For a long time I pushed aside the symptoms I was having. The aching hands, the chronic fatigue, the brain fog, the full body aches, the feverish feeling…all those things were happening for years but I just “didn’t have enough time” to go to a doctor. Not to mention I didn’t even have a go-to physician since graduating college, so researching and finding someone to see seemed like a daunting task that I “did not have time for.”
After my grandma passed away in February of this year and me moving out of my very first apartment into living with my boyfriend, Mike, things got worse. I was feeling terrible most days of the week from the stress of grief, moving, and big life changes. My coworkers noticed me complaining a lot about vertigo and dizziness and eventually convinced me to see a doctor. I scheduled an appointment and went, thinking the doctor would tell me that I most likely had Fibromyalgia.
Twelve vials of blood and one week later, and I get the diagnosis: Lyme Disease. The disease my mom had warned me about as a kid when I would play outside with my friends on the swing set. I even once had a tick in my head as a kid, and my mom saved it in the freezer for almost a year “just in case” I started feeling ill. I had heard of Lyme Disease, but had no idea what that meant for me. I spent the rest of the day Googling Lyme Disease at work and finding terrible things on how it can affect your heart and brain, and how most people live with Lyme symptoms for years after treatment.

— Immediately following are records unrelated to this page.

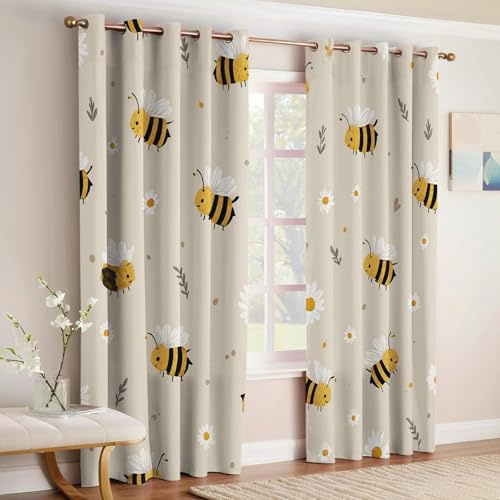 Hellbeige Thermovorhänge Blickdicht Cartoon Biene Gänseblümchen Verdunkelung mit Ösen, Wärmeschutz Schallschutz Gardinen für Kinderzimmer Jungen Mädchen, 2er Set H229 x B117 cm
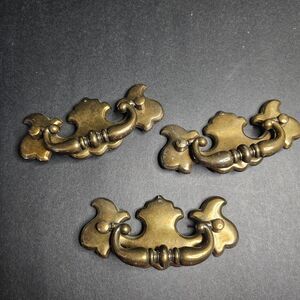 Vtg Brass Drawer Handle Pulls, Set of 3 Ornate Drawer Hardware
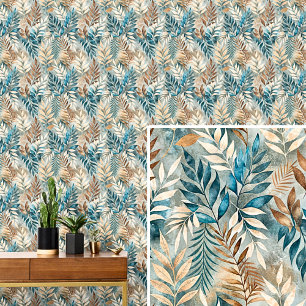 Cream Brown Dark Green Blätter Herbst Tonleaf Tapete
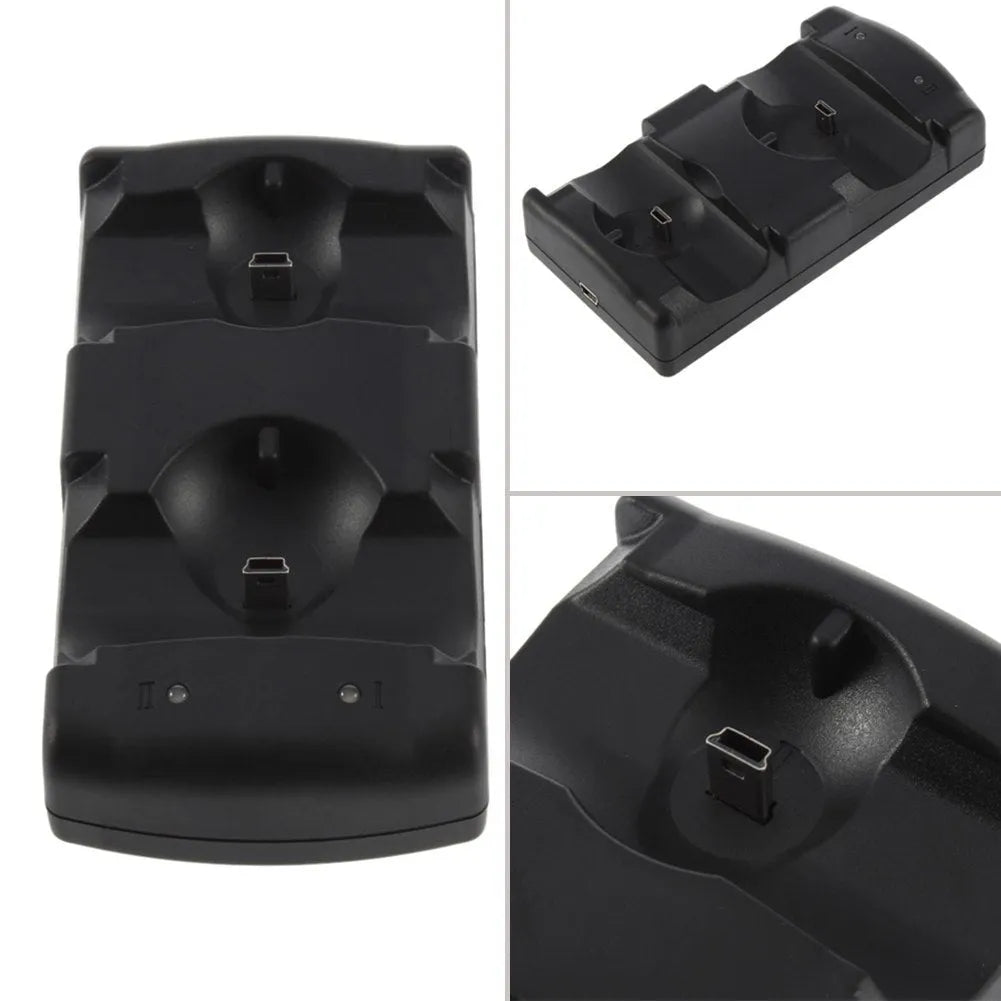 Black PS3 dual controller charging dock with two controller bays and USB cable
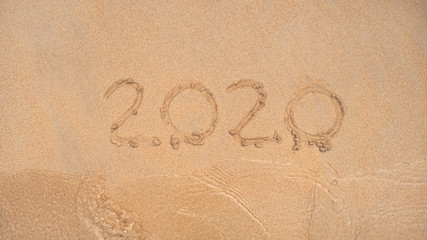 The inscription on the sand 2020 New Year!.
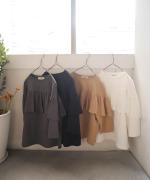 リサイクルコットン天竺　ラッフルプルオーバー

In my Googling spree I was able to find a Lyme Disease support group on Facebook and I requested to join. Right away I noticed people talking about how they could barely get out of bed most days, how they struggled to manage all of their diet, supplement, medication protocols, and how even after treatment, most of them still felt sick. I didn’t know what anything meant for me, except that I was put on 28 days of Doxycycline, two times a day. In the group I read about “herxing” which is basically your body’s reaction to toxins being killed off inside of your body. This kill-off can make symptoms worse before they get better, and boy did they get worse.
In that first month of living with Lyme (or knowing I had it at least) I must have missed five days of work, maybe even six. Herxing can literally make you feel like you are dying…because well, things are dying inside of you. It feels like you have a fever but no matter how many times you take your temperature, it’s still 98.4 degrees. It feels like you did a full body workout for three hours the day before your body is so sore, and the brain fog and tiredness feels like someone slipped a Xanax in your drink.
No one saw this side of me except for Mike, so when people saw me out and about at work or on a weekend, they would say “I see you’re doing better!” But that’s the thing…Lyme is completely unpredictable in how you will feel from one day to the next. Even now, almost four months after my diagnosis, I can have a full week of feeling great with little or no symptoms and then an entire three days of feeling like shit.
Since being diagnosed I have had a lot of people reach out to me…people I haven’t talked to in years contacted me. I have made connections online with the Lyme Disease support group and was even approached for advice when someone I knew was diagnosed themselves. It is a lonely disease because no one really sees your suffering, and those who do see still can’t ever understand how you actually feel. But, it has been truly remarkable to me the support I have been getting from family, friends, my job, and even strangers. I know this is not the case for everyone with Lyme, so I do not take this support for granted.
This is only my diagnosis story. I’m still dealing with symptoms and will be for the foreseeable future, but my diagnosis has helped me realize how strong my body truly is to fight this, and how lucky I am to not have to fight this alone.